Example: dRep dereplicate -h
Commands:
compare -> Compare and cluster a set of genomes
dereplicate -> De-replicate a set of genomes
check_dependencies -> Check which dependencies are properly installed
In previous versions of dRep (everything before v3) the user could run a number of additional modules separately, but now they can only be run as part of the larger workflows compare and dereplicate. Many of the modules are the same for compare and dereplicate, however, and in cases where these is the same parameter in both it functions exactly the same in each.

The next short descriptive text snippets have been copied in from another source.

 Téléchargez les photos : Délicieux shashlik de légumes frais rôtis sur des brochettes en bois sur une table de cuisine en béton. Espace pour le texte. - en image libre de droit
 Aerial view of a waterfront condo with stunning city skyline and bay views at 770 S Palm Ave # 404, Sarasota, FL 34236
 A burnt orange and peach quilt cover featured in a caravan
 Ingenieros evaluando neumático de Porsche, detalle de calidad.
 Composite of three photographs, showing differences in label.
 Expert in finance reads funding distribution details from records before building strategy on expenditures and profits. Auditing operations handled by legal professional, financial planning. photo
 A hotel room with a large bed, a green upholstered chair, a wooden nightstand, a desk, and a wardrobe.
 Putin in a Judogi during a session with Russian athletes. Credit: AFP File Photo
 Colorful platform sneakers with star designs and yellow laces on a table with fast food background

dRep has descriptions in the program help for all the adjustable parameters. If any of these are particularly confusing, don’t hesitate to send an email to ask what it does.
See also
- Important Concepts
- for theoretical thoughts about how to choose appropriate parameters and thresholds
- Example Output
- for help interpreting the output from your run in the work directory
- Advanced Use
- for access to the raw output data and the python API
Compare¶
This workflow compares a set of genomes. For a list of all parameters, check the help:
$ dRep compare -h
usage: dRep compare [-p PROCESSORS] [-d] [-h] [-g [GENOMES [GENOMES ...]]]

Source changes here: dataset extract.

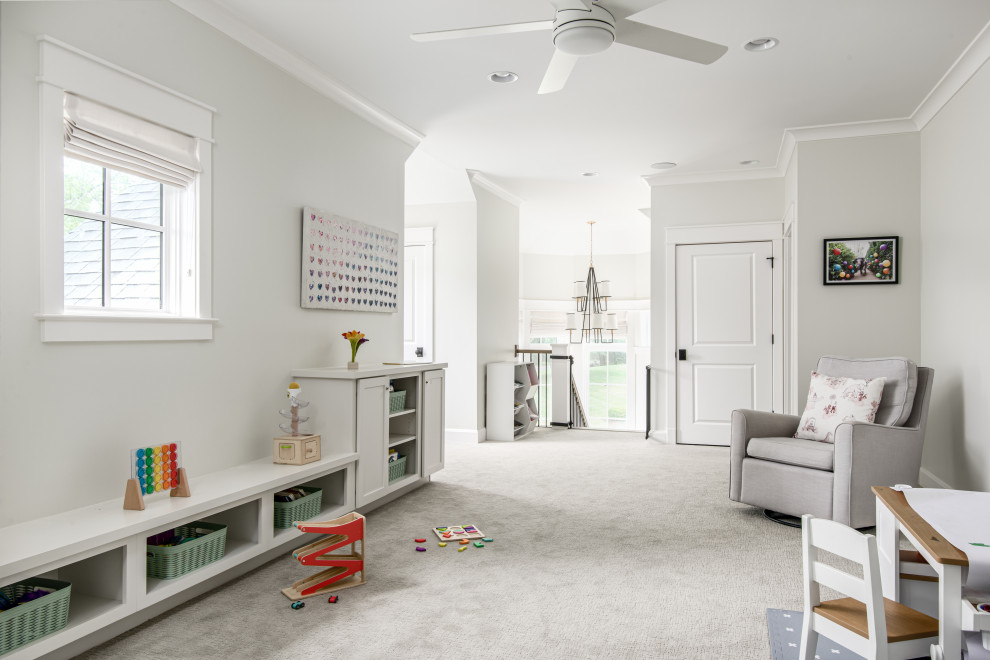 Klassisk inredning av ett mellanstort könsneutralt småbarnsrum kombinerat med lekrum, med vita väggar, heltäckningsmatta och grått golv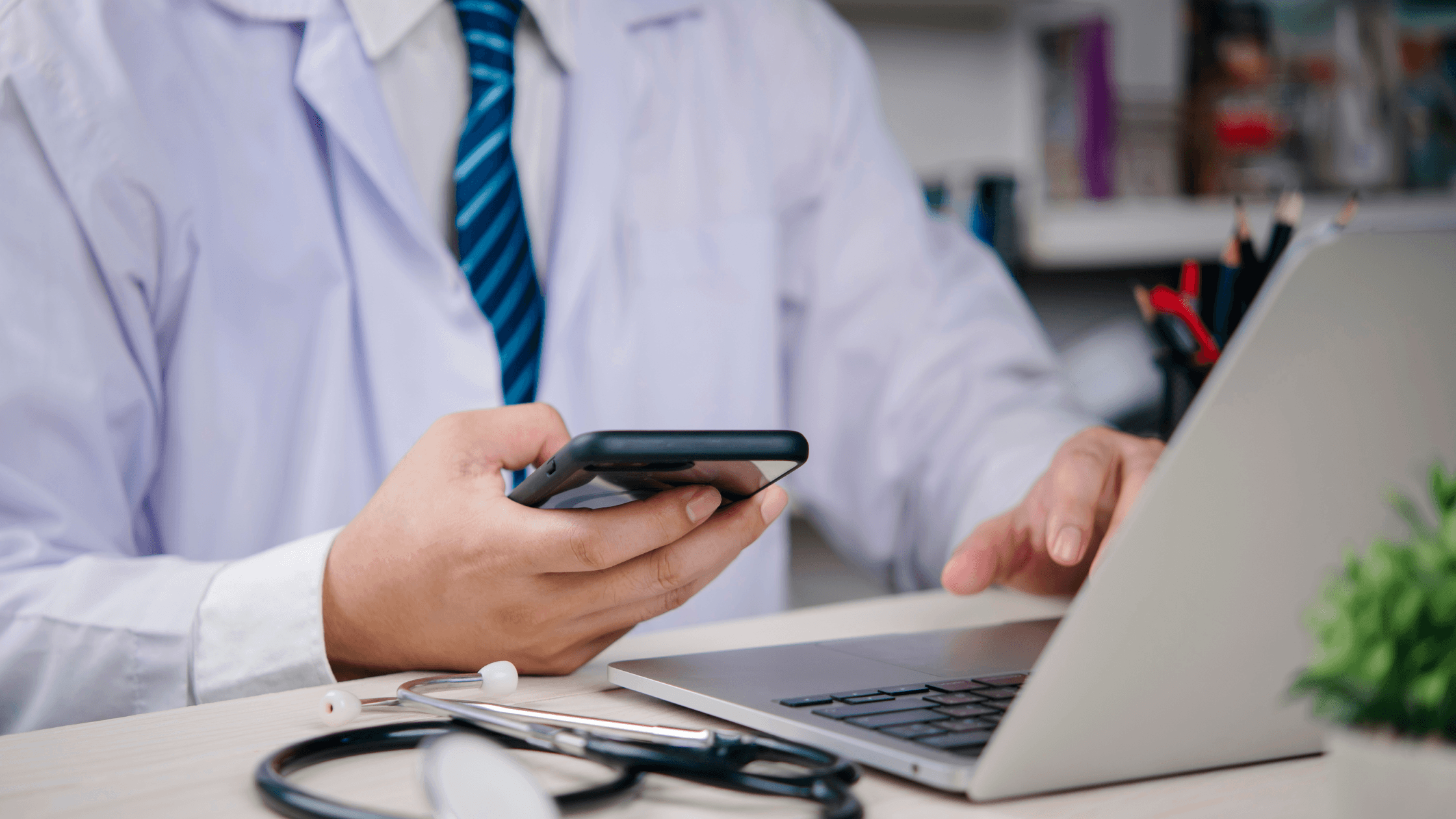 Close up of a doctor looking at a laptop and cell phone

[--S_algorithm {fastANI,gANI,goANI,ANIn,ANImf}]
[-ms MASH_SKETCH] [--SkipMash] [--SkipSecondary]
[--n_PRESET {normal,tight}] [-pa P_ANI] [-sa S_ANI]

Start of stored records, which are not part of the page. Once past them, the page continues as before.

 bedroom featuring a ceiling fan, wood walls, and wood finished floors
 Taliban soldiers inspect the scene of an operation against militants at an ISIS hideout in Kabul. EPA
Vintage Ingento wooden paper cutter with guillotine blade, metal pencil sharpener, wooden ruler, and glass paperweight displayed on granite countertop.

[-nc COV_THRESH] [-cm {total,larger}]
[--clusterAlg {median,weighted,single,complete,average,ward,centroid}]
[--multiround_primary_clustering]
[--primary_chunksize PRIMARY_CHUNKSIZE]
[--greedy_secondary_clustering]
[--run_tertiary_clustering] [--warn_dist WARN_DIST]
[--warn_sim WARN_SIM] [--warn_aln WARN_ALN]
work_directory
positional arguments:
work_directory Directory where data and output are stored
*** USE THE SAME WORK DIRECTORY FOR ALL DREP OPERATIONS ***
SYSTEM PARAMETERS:
-p PROCESSORS, --processors PROCESSORS
threads (default: 6)
-d, --debug make extra debugging output (default: False)
-h, --help show this help message and exit
GENOME INPUT:
-g [GENOMES [GENOMES ...]], --genomes [GENOMES [GENOMES ...]]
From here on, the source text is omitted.